---- Available data

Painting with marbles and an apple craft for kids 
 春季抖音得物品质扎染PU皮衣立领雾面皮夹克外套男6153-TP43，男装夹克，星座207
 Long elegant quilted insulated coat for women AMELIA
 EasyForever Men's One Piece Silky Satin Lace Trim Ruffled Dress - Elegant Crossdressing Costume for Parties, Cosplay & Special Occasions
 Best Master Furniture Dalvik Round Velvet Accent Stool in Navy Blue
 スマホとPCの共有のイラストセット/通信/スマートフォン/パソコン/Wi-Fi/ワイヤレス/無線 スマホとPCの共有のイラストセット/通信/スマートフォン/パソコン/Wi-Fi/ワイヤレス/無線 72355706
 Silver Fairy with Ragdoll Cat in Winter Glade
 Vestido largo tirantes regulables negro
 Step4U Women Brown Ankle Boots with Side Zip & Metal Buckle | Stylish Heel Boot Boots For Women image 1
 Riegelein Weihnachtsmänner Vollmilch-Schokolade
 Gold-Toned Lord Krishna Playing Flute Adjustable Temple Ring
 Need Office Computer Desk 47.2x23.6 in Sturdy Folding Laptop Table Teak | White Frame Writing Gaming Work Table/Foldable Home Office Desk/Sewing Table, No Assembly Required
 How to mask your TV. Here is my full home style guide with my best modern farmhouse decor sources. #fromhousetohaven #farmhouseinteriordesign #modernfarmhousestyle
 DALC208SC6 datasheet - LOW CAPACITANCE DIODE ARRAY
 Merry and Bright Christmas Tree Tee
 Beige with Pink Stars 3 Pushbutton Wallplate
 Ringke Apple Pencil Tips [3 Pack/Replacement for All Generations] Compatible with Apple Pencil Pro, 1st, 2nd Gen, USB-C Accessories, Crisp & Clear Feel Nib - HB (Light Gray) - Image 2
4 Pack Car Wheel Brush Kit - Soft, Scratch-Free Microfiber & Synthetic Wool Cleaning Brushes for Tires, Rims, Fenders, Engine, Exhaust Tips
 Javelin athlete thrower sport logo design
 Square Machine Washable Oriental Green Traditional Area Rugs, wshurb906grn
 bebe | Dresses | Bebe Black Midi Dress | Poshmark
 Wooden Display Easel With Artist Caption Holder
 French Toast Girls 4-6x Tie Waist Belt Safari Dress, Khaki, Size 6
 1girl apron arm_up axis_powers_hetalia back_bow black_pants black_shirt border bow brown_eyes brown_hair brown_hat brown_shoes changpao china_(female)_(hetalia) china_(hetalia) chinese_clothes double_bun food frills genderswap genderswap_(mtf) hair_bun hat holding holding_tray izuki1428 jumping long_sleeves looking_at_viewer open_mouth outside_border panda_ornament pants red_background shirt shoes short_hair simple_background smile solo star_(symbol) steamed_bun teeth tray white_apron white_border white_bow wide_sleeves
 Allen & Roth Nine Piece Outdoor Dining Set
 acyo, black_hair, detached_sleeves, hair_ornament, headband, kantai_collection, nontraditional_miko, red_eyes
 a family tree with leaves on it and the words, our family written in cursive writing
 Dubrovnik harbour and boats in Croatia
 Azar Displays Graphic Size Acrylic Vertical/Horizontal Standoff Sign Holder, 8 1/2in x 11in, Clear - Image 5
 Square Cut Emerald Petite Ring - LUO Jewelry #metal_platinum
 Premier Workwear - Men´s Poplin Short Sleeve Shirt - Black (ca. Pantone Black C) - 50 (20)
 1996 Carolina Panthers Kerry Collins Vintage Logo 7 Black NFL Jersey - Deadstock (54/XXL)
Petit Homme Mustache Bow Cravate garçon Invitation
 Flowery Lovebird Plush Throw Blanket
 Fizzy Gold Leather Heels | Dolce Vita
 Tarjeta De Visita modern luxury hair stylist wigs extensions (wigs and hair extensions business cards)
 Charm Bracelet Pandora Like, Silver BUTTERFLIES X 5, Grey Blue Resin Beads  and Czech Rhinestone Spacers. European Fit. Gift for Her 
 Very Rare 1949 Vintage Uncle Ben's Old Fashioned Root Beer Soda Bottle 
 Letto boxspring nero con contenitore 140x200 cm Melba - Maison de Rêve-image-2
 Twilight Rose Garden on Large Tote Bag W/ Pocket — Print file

--------

What you should do → Using the data above, reproduce every line exactly.

Result of this task →
Painting with marbles and an apple craft for kids 
 春季抖音得物品质扎染PU皮衣立领雾面皮夹克外套男6153-TP43，男装夹克，星座207
 Long elegant quilted insulated coat for women AMELIA
 EasyForever Men's One Piece Silky Satin Lace Trim Ruffled Dress - Elegant Crossdressing Costume for Parties, Cosplay & Special Occasions
 Best Master Furniture Dalvik Round Velvet Accent Stool in Navy Blue
 スマホとPCの共有のイラストセット/通信/スマートフォン/パソコン/Wi-Fi/ワイヤレス/無線 スマホとPCの共有のイラストセット/通信/スマートフォン/パソコン/Wi-Fi/ワイヤレス/無線 72355706
 Silver Fairy with Ragdoll Cat in Winter Glade
 Vestido largo tirantes regulables negro
 Step4U Women Brown Ankle Boots with Side Zip & Metal Buckle | Stylish Heel Boot Boots For Women image 1
 Riegelein Weihnachtsmänner Vollmilch-Schokolade
 Gold-Toned Lord Krishna Playing Flute Adjustable Temple Ring
 Need Office Computer Desk 47.2x23.6 in Sturdy Folding Laptop Table Teak | White Frame Writing Gaming Work Table/Foldable Home Office Desk/Sewing Table, No Assembly Required
 How to mask your TV. Here is my full home style guide with my best modern farmhouse decor sources. #fromhousetohaven #farmhouseinteriordesign #modernfarmhousestyle
 DALC208SC6 datasheet - LOW CAPACITANCE DIODE ARRAY
 Merry and Bright Christmas Tree Tee
 Beige with Pink Stars 3 Pushbutton Wallplate
 Ringke Apple Pencil Tips [3 Pack/Replacement for All Generations] Compatible with Apple Pencil Pro, 1st, 2nd Gen, USB-C Accessories, Crisp & Clear Feel Nib - HB (Light Gray) - Image 2
4 Pack Car Wheel Brush Kit - Soft, Scratch-Free Microfiber & Synthetic Wool Cleaning Brushes for Tires, Rims, Fenders, Engine, Exhaust Tips
 Javelin athlete thrower sport logo design
 Square Machine Washable Oriental Green Traditional Area Rugs, wshurb906grn
 bebe | Dresses | Bebe Black Midi Dress | Poshmark
 Wooden Display Easel With Artist Caption Holder
 French Toast Girls 4-6x Tie Waist Belt Safari Dress, Khaki, Size 6
 1girl apron arm_up axis_powers_hetalia back_bow black_pants black_shirt border bow brown_eyes brown_hair brown_hat brown_shoes changpao china_(female)_(hetalia) china_(hetalia) chinese_clothes double_bun food frills genderswap genderswap_(mtf) hair_bun hat holding holding_tray izuki1428 jumping long_sleeves looking_at_viewer open_mouth outside_border panda_ornament pants red_background shirt shoes short_hair simple_background smile solo star_(symbol) steamed_bun teeth tray white_apron white_border white_bow wide_sleeves
 Allen & Roth Nine Piece Outdoor Dining Set
 acyo, black_hair, detached_sleeves, hair_ornament, headband, kantai_collection, nontraditional_miko, red_eyes
 a family tree with leaves on it and the words, our family written in cursive writing
 Dubrovnik harbour and boats in Croatia
 Azar Displays Graphic Size Acrylic Vertical/Horizontal Standoff Sign Holder, 8 1/2in x 11in, Clear - Image 5
 Square Cut Emerald Petite Ring - LUO Jewelry #metal_platinum
 Premier Workwear - Men´s Poplin Short Sleeve Shirt - Black (ca. Pantone Black C) - 50 (20)
 1996 Carolina Panthers Kerry Collins Vintage Logo 7 Black NFL Jersey - Deadstock (54/XXL)
Petit Homme Mustache Bow Cravate garçon Invitation
 Flowery Lovebird Plush Throw Blanket
 Fizzy Gold Leather Heels | Dolce Vita
 Tarjeta De Visita modern luxury hair stylist wigs extensions (wigs and hair extensions business cards)
 Charm Bracelet Pandora Like, Silver BUTTERFLIES X 5, Grey Blue Resin Beads  and Czech Rhinestone Spacers. European Fit. Gift for Her 
 Very Rare 1949 Vintage Uncle Ben's Old Fashioned Root Beer Soda Bottle 
 Letto boxspring nero con contenitore 140x200 cm Melba - Maison de Rêve-image-2
 Twilight Rose Garden on Large Tote Bag W/ Pocket — Print file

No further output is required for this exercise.